The following text written by Nahuel Moreno elaborates on the distinction between “state”, “regime”, and “government”. While its enumeration of the various modes of production is a bit dated, rigid, and Eurocentric, it nevertheless is a useful analytical text for teasing apart how different aspects of societies’ bases and superstructures interact. Moreno demonstrates that states are defined by their economic modes of production, in turn leading to regimes that crystallize the domination of specific classes within the political superstructure, and which finally are led by a variety of governments that may enact different policies while remaining loyal to the underlying regime. The text closes with a definition of fascism as a regime that promotes a violent broad-based counterrevolutionary movement in order to protect the state of imperialist monopoly capitalism against a revolutionary workers’ movement, destroying liberal bourgeois democratic institutions in the process as well.
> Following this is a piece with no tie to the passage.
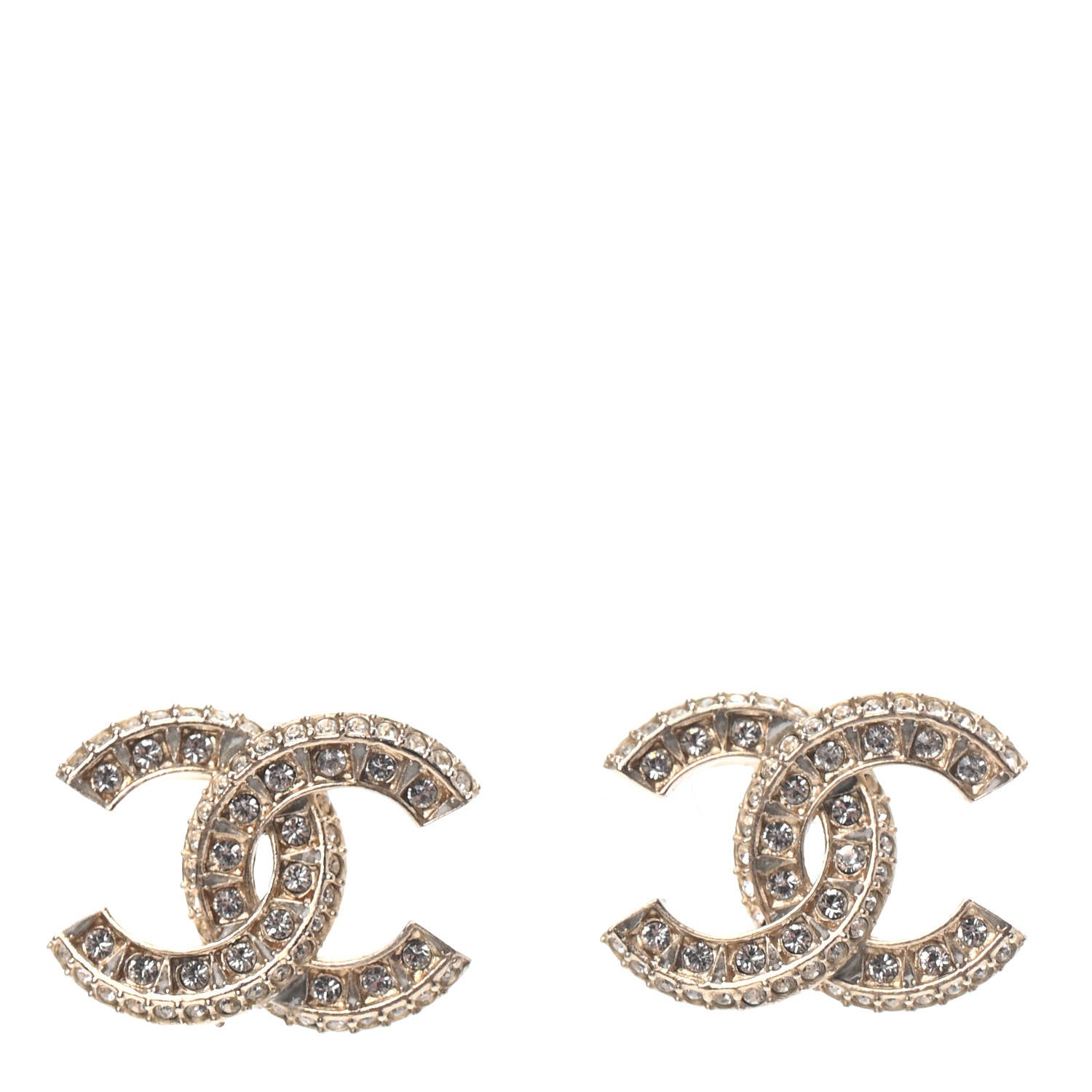 Chanel Crystal Timeless CC Earrings Light Gold 1 of 3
Excerpt from Revolutions of the XXth Century by Nahuel Moreno, (1984)
The precise definitions of state, political regimes and governments are critical to the revolutionary Marxist party, because this is the terrain of political action. The party wants to achieve a world society without classes or exploitation, so that humanity progresses, with abundance for all, without wars and with the achievement of full freedom. To achieve this, the party fights to end imperialism and expropriate the multinationals, to end with national boundaries and to conquer a planned world economy at the service of the needs of the human species.
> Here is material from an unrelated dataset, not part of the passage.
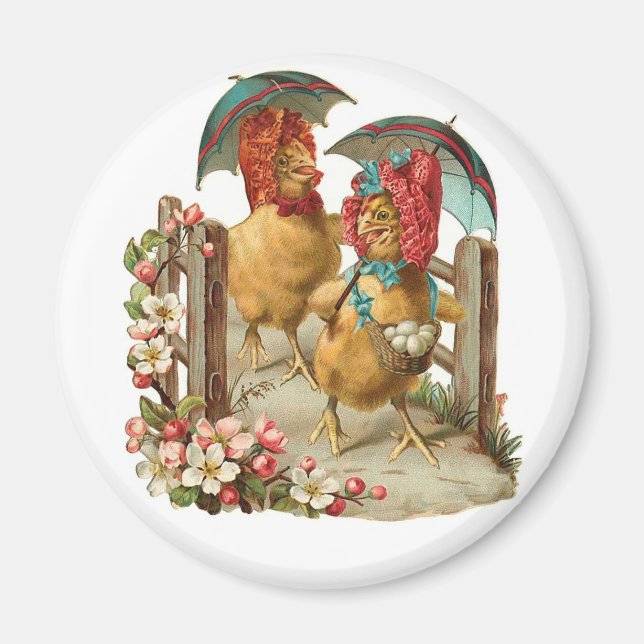 Imán Happy Easter Hens Vintage (Frente)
But the party does not act directly on the productive forces; nor does it develop new tools, techniques and branches of production. Neither can it act directly on the social structure; it does not expropriate the capitalist class on its own. The party acts in politics, in the superstructure. It strives to take the government and from there to destroy the capitalist state. That is, the party wants to destroy the institutions of bourgeois government. It wants the working class to assume political power and implement their own democratic institutions. It wants to build in each country where the revolution triumphs a strong workers’ state, to help the revolution succeed in other countries. From the government of the workers’ state it wants to plan the economy, federating with other workers’ states to advance their productive forces. From this workers’ state the party wants to revolutionize the social system, eliminating the bourgeois ownership of the means of production at the national level, and to put it at the service of revolutionary tasks at the global level. And only after having liquidated the resistance of the capitalist class, these workers’ states or federations of workers’ states will begin to disappear, and with them, so will the state and the party. Until then, the problems of states, regimes and governments will remain key policy issues of international and national revolutionary Marxist parties, because it is in this arena that the political action of the revolutionary party is concentrated, as well as that of its enemies, the bourgeois, petty-bourgeois and bureaucratic parties. (…)
The different states
The state cannot be defined by the level of development of the productive forces. If we talk about these, we may refer to the “Greco-Roman economy” (slavery), to the “subsistence economy” (feudalism), to “mechanization and large-scale industry” (capitalism). But these terms are insufficient for defining the state.
Neither can it be defined by the existing or predominant relations of production, although they express it much more directly than the development of the productive forces. Capitalism has been the dominant form of production for 400 years, but for centuries the states remained feudal, with a few different adaptations here or there, because the power was in the hands of the nobility, who defended their property and privileges against the threat of the rising bourgeoisie.
The state is defined, then, by the caste or the class that uses it to exploit and oppress other classes and sectors. To date there have been five types of state:
1) The Asiatic state, which defended the bureaucratic caste with its pharaohs, and oppressed the farmers.(1)
2) The slaveholding state, which defended the slave owners and oppressed the slaves(2)
3) The feudal state, which defended the feudal lords and the Church property, and oppressed the serfs.(3)
4) The bourgeois state, which defends the capitalists and oppresses the workers.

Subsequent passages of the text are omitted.